Malgré un redressement au premier trimestre 2024, le PIB a diminué de 1,4 % par rapport à la même période en 2023. L’agence de notation Standard and Poor’s prévoit une reprise plus lente de l’économie israélienne par rapport aux ralentissements précédents. Elle a donc abaissé la note de la dette souveraine d’Israël, note qui mesure l’appréciation du risque de solvabilité financière d’un État. En février, l’agence Moody’s a également diminué cette note à A2, note qui reste cependant attribuée à des émetteurs considérés comme solides. De plus, le FMI estime que la dette publique israélienne dépassera 67 % du PIB en fin d’année, contre 62 % en 2023. Cette hausse est due à l’explosion des dépenses publiques qui ont augmenté de 88 % au premier trimestre 2024, principalement en raison des dépenses liées à la guerre.
Le 8 juillet, la Banque d’Israël a donc révisé à la baisse les prévisions de croissance du PIB, estimant une croissance de 1,5 % pour 2024 et de 4,2 % pour 2025. Les prévisions antérieures étaient respectivement de 2 et 5 %. Le taux d’inflation a quant à lui atteint son plus bas niveau depuis deux en janvier dernier, avec un taux fixé à 2,6 %. Il a néanmoins augmenté à 2,8 % en avril, avec une hausse de 0,8 % de l’indice des prix à la consommation.
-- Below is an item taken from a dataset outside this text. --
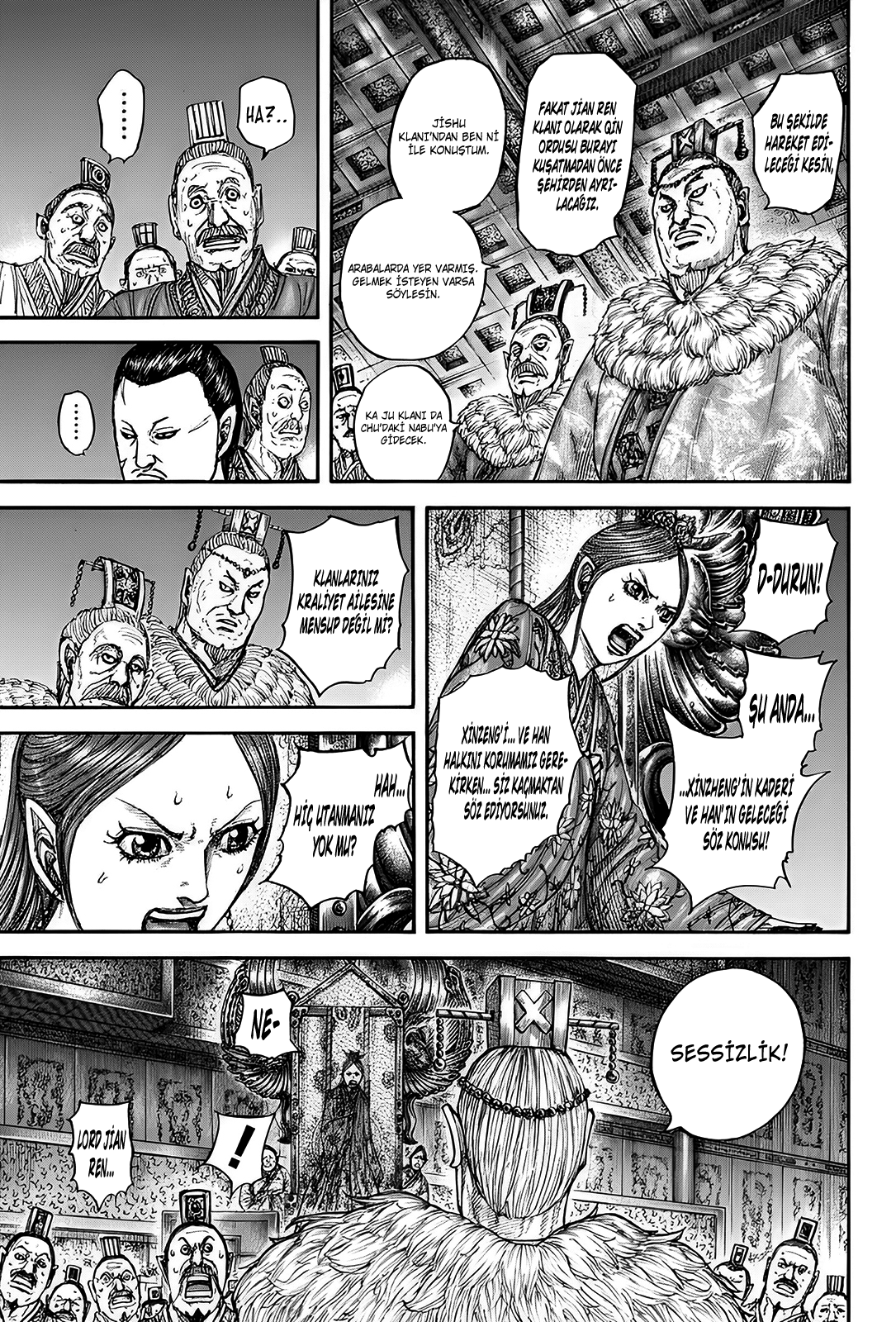 Read Kingdom Tr Manga Online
Pourtant, la Banque d’Israël a décidé de maintenir les taux d’intérêt inchangés pour le quatrième trimestre consécutif, maintenant ainsi la prime de risque et la menace inflationniste à un niveau élevé. Le risque serait donc de voir l’inflation annuelle dépasser le seuil maximal des 3 % fixé dans le pays.
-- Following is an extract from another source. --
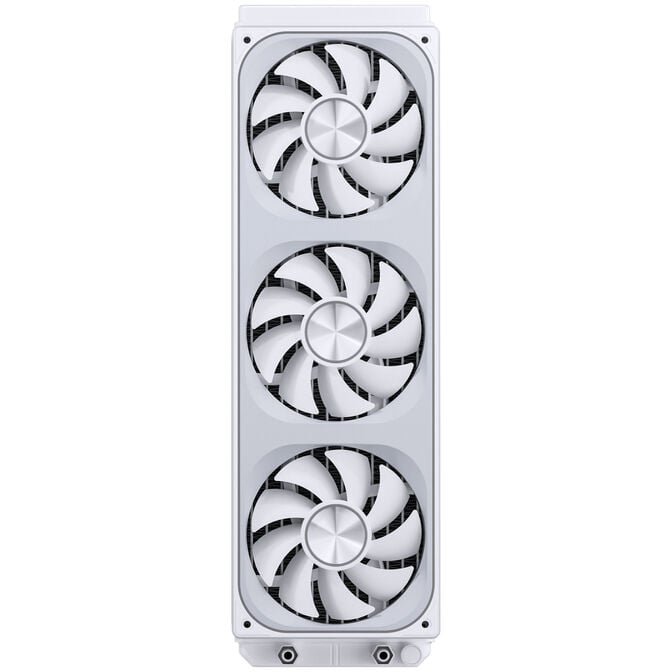 Jonsbo TH-360 AiO Wasserk&uuml;hlung, ARGB, Segmentanzeige - 360mm, wei&szlig; image number 8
Des secteurs économiques fragilisés.
C’est d’abord l’industrie du tourisme qui a sévèrement été impactée, le nombre de touristes étant passé de 319 100 en février 2023 à seulement 68 000 en février dernier. Les Israéliens ont également réduit leurs dépenses, voyages et investissements à la fin de 2023, avec une chute des dépenses privées de 26,3 %. La consommation privée a beau avoir augmenté de 24,3% au premier trimestre 2024, cela n’est pas suffisant pour compenser la chute observée au quatrième trimestre 2023.
Les exportations ont également chuté de 18,3 % au début du conflit, les investissements dans les actifs fixes (notamment dans les bâtiments résidentiels) de 67,8 %. Le secteur de la construction est presque à l’arrêt, souffrant d’un manque de main-d’œuvre en raison des mobilisations militaires et d’une réduction drastique des travailleurs palestiniens. Dès la fin 2023, le Centre de contrôle civil a ainsi préparé un plan visant à remplacer ces travailleurs par des travailleurs étrangers au cours de l’année 2024, avec une mise en œuvre qui serait permanente. Depuis octobre, ce serait près de 46 000 entreprises israéliennes qui ont fermé leurs portes selon la société israélienne Coface Bdi, 77 % d’entre-elles étant des petites entreprises. Les secteurs les plus vulnérables sont ceux de la construction et des industries connexes.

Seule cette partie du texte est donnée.